Data extracted from a collection:
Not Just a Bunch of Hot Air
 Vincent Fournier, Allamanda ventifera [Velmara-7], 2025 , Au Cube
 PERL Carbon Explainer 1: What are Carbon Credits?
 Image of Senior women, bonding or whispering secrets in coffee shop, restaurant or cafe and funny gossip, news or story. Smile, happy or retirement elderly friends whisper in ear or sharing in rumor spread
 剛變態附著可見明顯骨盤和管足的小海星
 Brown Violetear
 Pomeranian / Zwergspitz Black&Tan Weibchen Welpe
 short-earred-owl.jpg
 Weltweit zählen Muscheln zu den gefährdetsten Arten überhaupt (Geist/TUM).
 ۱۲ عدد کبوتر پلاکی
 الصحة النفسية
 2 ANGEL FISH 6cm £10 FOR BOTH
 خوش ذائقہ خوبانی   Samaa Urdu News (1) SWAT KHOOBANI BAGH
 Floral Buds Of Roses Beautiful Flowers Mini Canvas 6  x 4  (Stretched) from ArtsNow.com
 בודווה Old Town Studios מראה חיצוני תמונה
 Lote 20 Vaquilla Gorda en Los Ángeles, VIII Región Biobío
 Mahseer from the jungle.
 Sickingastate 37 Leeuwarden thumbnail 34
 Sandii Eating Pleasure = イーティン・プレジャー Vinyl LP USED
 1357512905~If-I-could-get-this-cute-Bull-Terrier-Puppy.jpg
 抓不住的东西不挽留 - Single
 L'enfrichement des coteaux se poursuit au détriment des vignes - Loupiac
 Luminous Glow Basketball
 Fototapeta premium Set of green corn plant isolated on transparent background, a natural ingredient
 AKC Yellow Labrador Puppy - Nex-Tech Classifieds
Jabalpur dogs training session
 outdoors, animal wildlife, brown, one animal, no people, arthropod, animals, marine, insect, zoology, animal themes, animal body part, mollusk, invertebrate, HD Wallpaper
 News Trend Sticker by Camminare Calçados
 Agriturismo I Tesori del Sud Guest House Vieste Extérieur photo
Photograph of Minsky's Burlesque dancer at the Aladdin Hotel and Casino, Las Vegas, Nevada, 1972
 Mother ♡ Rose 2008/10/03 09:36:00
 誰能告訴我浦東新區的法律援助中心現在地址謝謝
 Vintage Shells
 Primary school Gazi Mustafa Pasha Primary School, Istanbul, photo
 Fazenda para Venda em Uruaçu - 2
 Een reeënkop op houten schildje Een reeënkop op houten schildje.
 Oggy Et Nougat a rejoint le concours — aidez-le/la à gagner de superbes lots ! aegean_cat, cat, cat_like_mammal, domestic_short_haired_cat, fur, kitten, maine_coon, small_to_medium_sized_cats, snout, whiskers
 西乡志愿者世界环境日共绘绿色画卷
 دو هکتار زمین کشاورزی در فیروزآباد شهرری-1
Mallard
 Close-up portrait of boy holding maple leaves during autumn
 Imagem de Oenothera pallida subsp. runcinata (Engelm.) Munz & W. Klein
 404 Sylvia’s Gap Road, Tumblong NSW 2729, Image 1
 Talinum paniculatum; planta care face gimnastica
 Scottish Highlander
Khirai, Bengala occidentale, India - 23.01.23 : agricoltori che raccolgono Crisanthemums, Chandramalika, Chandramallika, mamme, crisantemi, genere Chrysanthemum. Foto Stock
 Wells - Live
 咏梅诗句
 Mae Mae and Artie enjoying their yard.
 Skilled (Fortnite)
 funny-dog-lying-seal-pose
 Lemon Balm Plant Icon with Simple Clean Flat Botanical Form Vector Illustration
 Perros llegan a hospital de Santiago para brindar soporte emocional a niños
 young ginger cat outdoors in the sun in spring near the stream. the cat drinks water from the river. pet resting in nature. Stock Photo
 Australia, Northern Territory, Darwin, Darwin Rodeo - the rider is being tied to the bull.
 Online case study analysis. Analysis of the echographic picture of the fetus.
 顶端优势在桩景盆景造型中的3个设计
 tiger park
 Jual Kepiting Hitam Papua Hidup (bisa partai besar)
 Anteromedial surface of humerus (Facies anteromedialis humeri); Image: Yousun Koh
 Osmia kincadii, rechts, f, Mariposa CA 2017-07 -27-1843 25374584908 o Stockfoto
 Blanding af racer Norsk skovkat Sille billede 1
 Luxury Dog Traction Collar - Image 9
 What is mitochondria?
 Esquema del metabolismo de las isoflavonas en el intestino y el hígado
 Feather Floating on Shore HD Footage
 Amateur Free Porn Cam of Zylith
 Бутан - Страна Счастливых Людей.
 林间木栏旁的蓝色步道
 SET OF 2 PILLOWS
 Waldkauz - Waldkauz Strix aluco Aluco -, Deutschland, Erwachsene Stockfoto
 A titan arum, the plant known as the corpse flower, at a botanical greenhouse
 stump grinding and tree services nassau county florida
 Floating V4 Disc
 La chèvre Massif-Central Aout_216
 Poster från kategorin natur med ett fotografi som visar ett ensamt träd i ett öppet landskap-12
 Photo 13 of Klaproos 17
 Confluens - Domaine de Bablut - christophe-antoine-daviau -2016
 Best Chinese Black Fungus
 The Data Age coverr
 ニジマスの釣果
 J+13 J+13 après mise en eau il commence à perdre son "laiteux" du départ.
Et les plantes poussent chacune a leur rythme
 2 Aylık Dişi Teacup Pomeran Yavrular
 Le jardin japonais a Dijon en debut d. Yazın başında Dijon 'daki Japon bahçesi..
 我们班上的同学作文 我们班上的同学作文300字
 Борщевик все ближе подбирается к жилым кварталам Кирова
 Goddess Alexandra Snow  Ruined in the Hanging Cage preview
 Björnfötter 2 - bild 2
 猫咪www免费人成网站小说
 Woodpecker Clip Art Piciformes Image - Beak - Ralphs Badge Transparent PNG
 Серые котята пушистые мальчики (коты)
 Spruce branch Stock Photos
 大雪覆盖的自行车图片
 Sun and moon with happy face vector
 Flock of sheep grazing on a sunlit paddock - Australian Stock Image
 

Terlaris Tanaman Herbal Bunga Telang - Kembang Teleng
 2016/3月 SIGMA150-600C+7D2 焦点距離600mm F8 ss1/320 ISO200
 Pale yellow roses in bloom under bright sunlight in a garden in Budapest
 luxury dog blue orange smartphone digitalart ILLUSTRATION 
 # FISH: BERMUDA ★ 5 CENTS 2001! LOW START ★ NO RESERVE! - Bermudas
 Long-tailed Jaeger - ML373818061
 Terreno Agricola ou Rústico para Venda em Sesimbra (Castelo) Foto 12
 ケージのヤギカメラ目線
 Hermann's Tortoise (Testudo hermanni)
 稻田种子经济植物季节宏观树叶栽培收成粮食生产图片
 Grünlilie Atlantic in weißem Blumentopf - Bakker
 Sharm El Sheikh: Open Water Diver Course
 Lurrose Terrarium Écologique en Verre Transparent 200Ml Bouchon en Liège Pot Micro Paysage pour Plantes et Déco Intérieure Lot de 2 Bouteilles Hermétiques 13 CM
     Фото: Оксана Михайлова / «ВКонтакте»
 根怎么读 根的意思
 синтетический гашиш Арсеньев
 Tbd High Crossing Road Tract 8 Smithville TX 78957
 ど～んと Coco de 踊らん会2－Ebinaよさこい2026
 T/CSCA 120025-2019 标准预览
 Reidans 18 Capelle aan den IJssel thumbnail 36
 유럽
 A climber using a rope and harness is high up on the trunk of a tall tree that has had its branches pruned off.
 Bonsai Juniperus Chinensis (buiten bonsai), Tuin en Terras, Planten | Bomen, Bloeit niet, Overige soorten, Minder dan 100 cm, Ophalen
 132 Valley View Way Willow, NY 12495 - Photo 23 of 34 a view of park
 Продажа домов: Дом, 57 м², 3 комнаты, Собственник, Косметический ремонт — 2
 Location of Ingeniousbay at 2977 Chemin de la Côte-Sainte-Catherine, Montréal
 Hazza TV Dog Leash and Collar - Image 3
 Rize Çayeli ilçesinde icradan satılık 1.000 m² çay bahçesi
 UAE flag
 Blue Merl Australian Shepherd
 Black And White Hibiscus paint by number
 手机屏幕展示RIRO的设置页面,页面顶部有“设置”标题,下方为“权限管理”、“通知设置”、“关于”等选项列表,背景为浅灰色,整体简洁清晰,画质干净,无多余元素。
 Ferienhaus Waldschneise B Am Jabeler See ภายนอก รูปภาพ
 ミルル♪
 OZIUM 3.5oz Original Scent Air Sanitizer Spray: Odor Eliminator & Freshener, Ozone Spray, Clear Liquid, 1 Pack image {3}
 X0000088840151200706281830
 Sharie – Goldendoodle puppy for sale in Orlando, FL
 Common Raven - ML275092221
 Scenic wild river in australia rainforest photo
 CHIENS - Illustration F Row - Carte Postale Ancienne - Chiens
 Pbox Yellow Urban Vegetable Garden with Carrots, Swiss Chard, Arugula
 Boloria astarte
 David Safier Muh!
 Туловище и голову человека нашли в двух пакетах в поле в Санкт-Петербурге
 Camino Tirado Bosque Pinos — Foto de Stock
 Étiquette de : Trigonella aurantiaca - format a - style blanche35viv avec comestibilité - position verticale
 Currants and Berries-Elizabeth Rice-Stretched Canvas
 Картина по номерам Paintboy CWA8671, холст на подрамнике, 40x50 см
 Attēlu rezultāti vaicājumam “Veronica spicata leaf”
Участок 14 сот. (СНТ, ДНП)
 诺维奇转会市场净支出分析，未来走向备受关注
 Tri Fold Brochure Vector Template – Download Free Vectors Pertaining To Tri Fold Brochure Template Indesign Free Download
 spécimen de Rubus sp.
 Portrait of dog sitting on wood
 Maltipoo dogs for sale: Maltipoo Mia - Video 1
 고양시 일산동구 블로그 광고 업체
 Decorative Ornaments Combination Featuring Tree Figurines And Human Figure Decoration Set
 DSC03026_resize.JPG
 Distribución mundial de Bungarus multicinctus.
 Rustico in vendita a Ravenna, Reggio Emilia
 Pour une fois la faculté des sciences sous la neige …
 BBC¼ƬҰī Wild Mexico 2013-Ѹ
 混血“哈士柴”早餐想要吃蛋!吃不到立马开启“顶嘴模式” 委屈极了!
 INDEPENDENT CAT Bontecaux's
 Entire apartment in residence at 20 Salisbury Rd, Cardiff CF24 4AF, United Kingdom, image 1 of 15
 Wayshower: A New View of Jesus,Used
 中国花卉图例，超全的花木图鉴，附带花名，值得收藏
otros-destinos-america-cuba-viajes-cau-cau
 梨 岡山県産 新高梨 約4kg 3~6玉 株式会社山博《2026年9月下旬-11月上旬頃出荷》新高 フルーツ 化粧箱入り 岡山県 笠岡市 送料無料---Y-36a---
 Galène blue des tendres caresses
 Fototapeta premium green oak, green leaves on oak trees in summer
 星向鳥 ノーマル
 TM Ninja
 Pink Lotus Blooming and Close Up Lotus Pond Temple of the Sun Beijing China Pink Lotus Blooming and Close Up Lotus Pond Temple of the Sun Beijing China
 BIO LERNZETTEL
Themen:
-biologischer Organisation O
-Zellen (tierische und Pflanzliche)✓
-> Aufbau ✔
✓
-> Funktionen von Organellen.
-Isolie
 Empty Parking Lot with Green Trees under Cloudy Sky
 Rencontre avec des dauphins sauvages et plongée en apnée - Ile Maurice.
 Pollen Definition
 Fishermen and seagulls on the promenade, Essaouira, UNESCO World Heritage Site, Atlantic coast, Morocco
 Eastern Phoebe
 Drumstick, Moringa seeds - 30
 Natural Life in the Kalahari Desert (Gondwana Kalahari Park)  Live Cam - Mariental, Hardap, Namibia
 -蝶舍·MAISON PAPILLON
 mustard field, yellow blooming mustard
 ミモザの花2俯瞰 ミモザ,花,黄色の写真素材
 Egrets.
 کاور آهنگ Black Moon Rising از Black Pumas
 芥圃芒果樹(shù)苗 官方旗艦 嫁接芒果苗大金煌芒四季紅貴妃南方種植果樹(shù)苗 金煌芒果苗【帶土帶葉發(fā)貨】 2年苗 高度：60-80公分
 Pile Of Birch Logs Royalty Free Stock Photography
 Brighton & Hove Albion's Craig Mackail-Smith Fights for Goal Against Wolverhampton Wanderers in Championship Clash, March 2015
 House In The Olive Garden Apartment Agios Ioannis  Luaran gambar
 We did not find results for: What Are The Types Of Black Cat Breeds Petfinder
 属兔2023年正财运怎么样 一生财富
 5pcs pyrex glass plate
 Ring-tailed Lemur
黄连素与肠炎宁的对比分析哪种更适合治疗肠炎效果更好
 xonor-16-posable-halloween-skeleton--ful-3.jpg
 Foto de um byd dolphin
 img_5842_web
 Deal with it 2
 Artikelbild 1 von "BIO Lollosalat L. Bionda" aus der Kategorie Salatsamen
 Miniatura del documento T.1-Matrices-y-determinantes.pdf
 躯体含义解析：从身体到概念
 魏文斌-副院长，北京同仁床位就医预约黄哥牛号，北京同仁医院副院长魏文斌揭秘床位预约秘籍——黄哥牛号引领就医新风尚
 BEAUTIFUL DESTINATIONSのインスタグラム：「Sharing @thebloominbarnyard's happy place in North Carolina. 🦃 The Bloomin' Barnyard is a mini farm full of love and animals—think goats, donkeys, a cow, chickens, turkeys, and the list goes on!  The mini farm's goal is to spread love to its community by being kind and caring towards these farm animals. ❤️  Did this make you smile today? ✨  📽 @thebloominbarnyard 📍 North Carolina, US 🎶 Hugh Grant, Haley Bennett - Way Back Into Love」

→ Exercise brief
The lines above starting at the one that contains "Woodpecker Clip Art" and ending at the one that contains "Pale yellow roses" must be transcribed exactly, and no other lines may appear.

→ Written solution
 Woodpecker Clip Art Piciformes Image - Beak - Ralphs Badge Transparent PNG
 Серые котята пушистые мальчики (коты)
 Spruce branch Stock Photos
 大雪覆盖的自行车图片
 Sun and moon with happy face vector
 Flock of sheep grazing on a sunlit paddock - Australian Stock Image
 

Terlaris Tanaman Herbal Bunga Telang - Kembang Teleng
 2016/3月 SIGMA150-600C+7D2 焦点距離600mm F8 ss1/320 ISO200
 Pale yellow roses in bloom under bright sunlight in a garden in Budapest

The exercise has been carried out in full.